Notre Dame Football: Red-Zone Musts for the BCS Championship

Emily O'Neill ElmerCorrespondent IIDecember 24, 2012

LOS ANGELES, CA - NOVEMBER 24:  Theo Riddick #6 of the Notre Dame Fighting Irish dives across the goal line to score a touchdown to take a 10-0 lead over the USC Trojans at Los Angeles Memorial Coliseum on November 24, 2012 in Los Angeles, California.  (Photo by Harry How/Getty Images)
Harry How/Getty Images

The Notre Dame Fighting Irish and Alabama Crimson Tide are the nation's two greatest defensive powerhouses. When they meet January 7th for the BCS national title game in Miami, fans of great defense will be in for a treat. On the other side of the ball, the two teams are not so evenly matched, though. 

Alabama is ranked 15th in the nation inside the red zone, scoring on 41 of its 51 trips inside the red zone. Notre Dame, on the other hand, scored just 27 touchdowns on its 58 opportunities.

Head coach Brian Kelly acknowledged this shortcoming to Pete Sampson of, saying: 

“We’re still in process there. We’re not there yet. When we start clicking down in the red zone, we’re gonna be really good.” 

So what can the Fighting Irish do to bring their red-zone game up to par?


Golson must find Tyler Eifert.

Notre Dame quarterback Everett Golson must acclimatize to throwing the ball in the red zone, and coach Brian Kelly needs to trust him. We've seen that Golson can throw the ball, but when he gets in the red zone he holds back. Perhaps Kelly has not fully exorcised the memories of the 19 turnovers—many in the red zone—committed by Tommy Rees last season.

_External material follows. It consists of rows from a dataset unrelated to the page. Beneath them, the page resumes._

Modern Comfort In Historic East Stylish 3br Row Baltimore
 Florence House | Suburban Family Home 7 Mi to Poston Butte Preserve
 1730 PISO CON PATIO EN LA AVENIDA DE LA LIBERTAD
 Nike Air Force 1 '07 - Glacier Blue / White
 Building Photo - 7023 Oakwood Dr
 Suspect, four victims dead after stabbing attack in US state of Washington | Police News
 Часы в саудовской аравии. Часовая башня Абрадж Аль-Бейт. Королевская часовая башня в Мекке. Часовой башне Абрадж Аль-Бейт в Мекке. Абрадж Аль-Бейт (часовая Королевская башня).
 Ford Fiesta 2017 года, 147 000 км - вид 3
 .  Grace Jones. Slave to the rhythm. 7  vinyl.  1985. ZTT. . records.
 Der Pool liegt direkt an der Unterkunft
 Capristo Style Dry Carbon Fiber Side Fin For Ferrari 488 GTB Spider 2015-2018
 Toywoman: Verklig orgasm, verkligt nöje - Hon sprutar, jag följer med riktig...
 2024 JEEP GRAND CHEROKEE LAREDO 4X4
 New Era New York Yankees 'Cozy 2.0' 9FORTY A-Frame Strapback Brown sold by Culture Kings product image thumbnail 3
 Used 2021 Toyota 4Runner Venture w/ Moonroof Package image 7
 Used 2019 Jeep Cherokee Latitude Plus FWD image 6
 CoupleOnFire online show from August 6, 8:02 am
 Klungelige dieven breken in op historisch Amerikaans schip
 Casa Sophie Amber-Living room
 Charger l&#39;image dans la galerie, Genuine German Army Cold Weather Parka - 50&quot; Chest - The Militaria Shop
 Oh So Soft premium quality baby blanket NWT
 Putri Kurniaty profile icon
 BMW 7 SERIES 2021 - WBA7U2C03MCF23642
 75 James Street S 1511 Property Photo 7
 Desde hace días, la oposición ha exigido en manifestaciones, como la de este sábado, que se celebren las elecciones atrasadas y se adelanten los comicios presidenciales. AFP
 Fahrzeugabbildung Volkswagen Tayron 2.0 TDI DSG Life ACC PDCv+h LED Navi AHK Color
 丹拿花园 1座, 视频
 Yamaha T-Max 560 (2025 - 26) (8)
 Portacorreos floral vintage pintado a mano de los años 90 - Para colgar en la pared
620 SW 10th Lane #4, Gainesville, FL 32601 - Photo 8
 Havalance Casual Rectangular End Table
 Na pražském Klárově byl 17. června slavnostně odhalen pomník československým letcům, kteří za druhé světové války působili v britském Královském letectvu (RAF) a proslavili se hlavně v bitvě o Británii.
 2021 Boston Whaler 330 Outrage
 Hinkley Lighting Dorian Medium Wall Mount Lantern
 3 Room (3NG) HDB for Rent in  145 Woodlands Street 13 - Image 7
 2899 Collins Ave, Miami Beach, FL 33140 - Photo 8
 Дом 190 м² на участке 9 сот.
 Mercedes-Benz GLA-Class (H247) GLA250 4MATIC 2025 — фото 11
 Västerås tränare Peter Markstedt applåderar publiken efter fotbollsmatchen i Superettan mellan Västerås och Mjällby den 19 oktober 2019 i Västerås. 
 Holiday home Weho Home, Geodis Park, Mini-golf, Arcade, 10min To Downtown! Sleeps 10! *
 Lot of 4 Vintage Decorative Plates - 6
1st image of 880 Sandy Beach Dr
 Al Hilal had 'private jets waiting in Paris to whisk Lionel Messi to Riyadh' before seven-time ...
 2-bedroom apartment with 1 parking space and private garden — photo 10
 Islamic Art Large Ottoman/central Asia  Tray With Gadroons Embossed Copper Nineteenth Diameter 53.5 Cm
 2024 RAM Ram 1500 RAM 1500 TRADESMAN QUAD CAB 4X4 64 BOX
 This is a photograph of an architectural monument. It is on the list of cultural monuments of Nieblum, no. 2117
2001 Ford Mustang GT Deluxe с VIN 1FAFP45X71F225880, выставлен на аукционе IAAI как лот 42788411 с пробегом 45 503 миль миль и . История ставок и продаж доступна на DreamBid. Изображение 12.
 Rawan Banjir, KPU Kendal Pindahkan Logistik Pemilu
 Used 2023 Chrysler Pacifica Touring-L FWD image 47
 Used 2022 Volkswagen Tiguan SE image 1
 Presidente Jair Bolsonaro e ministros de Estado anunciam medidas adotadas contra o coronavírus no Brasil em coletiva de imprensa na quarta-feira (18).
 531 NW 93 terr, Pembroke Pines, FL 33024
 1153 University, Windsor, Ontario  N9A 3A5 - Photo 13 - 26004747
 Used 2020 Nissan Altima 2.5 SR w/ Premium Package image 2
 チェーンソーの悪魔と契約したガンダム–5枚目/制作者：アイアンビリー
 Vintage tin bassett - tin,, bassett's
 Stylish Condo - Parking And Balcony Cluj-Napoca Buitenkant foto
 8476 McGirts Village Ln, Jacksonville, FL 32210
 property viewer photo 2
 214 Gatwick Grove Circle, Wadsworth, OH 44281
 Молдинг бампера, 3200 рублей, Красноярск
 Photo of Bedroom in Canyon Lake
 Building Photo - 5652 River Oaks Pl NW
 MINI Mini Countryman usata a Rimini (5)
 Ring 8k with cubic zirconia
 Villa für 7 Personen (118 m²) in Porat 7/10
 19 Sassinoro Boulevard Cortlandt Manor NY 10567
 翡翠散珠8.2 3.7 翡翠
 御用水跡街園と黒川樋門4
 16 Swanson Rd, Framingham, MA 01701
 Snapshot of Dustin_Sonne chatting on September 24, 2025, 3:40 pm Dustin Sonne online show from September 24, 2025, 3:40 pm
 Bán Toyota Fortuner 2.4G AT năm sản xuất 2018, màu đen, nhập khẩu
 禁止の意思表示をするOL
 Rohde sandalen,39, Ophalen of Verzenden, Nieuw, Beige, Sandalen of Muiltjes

Whatever the case, Kelly must allow Golson to throw the ball, particularly to 6'6" tight end Tyler Eifert. Eifert's height alone gives him an advantage against most defenders who cover him. With 44 catches and 624 yards this season, Eifert is Golson's man in the end zone. 


Golson must run the ball.

One unique advantage Notre Dame has over Alabama is that Irish QB Golson can run the ball. This season he has rushed for 305 yards and five touchdowns. Compare that with Tide QB A.J. McCarron's minus-five rushing yards for the season and one can only conclude that Golson's mobility will be a valuable asset in the title game that Alabama lacks. 

When the opportunity presents itself, Golson must run the football into the end zone himself. 


The offensive line must create holes for Cierre Wood, George Atkinson III and Theo Riddick. 

Braxston Cave and Co. will have their hands full with Alabama's defense. It will not the first time the Irish offensive line has faced a top-ranked defense, though. During Notre Dame's close game with BYU, Riddick, Wood and Atkinson III were able to escape coverage and make significant yardage. 

Opening up holes in the Alabama defense, particularly for Theo Riddick—who has five rushing touchdowns, one receiving touchdown, 880 rushing yards, 364 receiving yards this season—will pay huge dividends in the red zone. 

If the Fighting Irish can execute the plays listed above in the red zone, they have more than a fighting chance of walking away with the crystal football.